[arch-dev-public] Please provide Info for my talk!
Hi, I am giving an hour long talk at the end of next week about Arch, how it works and why we are successful. I will focus on stuff I am involved with (i.e. pacman...), but will give examples of things like how we decided on systemd, the new installer, etc. (other suggestions welcome) One thing I would like to talk about is our interaction with upstream. I know a few of us have commit access to various upstream projects, or have regularly contributed patches, or have upstream bug tracker privileges etc. Could people let me know about these things so I can make a summary. Something else I was specifically asked to cover is future plans for Arch. Does anyone have things beyond updating packages they want to do? Finally, if you are in Lisbon on the 1st of March, come see me! Search for "SINFO XX" for details. Allan P.S. Please reply off list to avoid irrelevant noise and we don't want to spoil my talk! I believe the talk will be posted on youtube and I will make my slides available too.
On Tue, Feb 19, 2013 at 3:15 PM, Allan McRae <allan@archlinux.org> wrote:
I am giving an hour long talk at the end of next week about Arch, how it works and why we are successful. I will focus on stuff I am involved with (i.e. pacman...), but will give examples of things like how we decided on systemd, the new installer, etc. (other suggestions welcome)
I'm doing a similar thing in Paris at the beginning of April, so I'll be asking Allan for whatever off-list feedback you give so I can steal it :)
Finally, if you are in Lisbon on the 1st of March, come see me! Search for "SINFO XX" for details.
Also, if anyone are in Paris on the fourth and fifth of April, please come say hi (I'll post a link once the conference is announced). Cheers, Tom
On 20/02/13 00:34, Tom Gundersen wrote:
On Tue, Feb 19, 2013 at 3:15 PM, Allan McRae <allan@archlinux.org> wrote:
I am giving an hour long talk at the end of next week about Arch, how it works and why we are successful. I will focus on stuff I am involved with (i.e. pacman...), but will give examples of things like how we decided on systemd, the new installer, etc. (other suggestions welcome)
I'm doing a similar thing in Paris at the beginning of April, so I'll be asking Allan for whatever off-list feedback you give so I can steal it :)

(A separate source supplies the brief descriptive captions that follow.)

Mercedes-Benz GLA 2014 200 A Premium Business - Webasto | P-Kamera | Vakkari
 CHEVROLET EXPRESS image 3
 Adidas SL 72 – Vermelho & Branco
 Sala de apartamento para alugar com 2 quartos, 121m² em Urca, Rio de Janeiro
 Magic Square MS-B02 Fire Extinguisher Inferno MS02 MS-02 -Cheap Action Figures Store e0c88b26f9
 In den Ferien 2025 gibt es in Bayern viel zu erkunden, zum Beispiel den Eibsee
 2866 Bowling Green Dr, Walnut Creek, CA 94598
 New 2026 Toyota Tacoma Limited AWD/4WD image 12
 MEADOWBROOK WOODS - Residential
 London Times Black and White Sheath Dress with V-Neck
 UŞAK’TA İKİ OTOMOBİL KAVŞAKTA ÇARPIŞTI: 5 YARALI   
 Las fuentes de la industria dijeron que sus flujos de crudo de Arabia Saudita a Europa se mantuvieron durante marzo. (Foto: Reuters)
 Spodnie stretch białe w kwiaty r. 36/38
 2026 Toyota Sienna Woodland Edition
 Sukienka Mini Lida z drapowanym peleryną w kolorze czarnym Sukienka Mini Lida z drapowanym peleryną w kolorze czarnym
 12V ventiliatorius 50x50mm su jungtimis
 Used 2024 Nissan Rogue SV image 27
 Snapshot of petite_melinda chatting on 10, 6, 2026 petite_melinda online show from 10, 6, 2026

@Tom: I will ping you with what I got... In fact, you can also have a copy of my talk! Disappointingly, I only have responses from 4 devs, 2 TU and 2 users.
On 25 February 2013 10:26, Tom Gundersen <teg@jklm.no> wrote:
On Mon, Feb 25, 2013 at 12:17 AM, Allan McRae <allan@archlinux.org> wrote:
@Tom: I will ping you with what I got... In fact, you can also have a copy of my talk!
Thanks!
Disappointingly, I only have responses from 4 devs, 2 TU and 2 users.
:(
Disappointingly, I only have responses from 4 devs, 2 TU and 2 users. Do you mean you think some people have some commit access but did not (take the time to) answer or do you mean you thought more people had commit access?
I'm sorry but as Guillaume suggested sadly I don't have anything related worth mentioning. On Mon, Feb 25, 2013 at 5:03 PM, Guillaume Alaux <guillaume@alaux.net>wrote:
On 25 February 2013 10:26, Tom Gundersen <teg@jklm.no> wrote:
On Mon, Feb 25, 2013 at 12:17 AM, Allan McRae <allan@archlinux.org> wrote:
@Tom: I will ping you with what I got... In fact, you can also have a copy of my talk!
Thanks!
Disappointingly, I only have responses from 4 devs, 2 TU and 2 users.
:(
Disappointingly, I only have responses from 4 devs, 2 TU and 2 users. Do you mean you think some people have some commit access but did not (take the time to) answer or do you mean you thought more people had commit access?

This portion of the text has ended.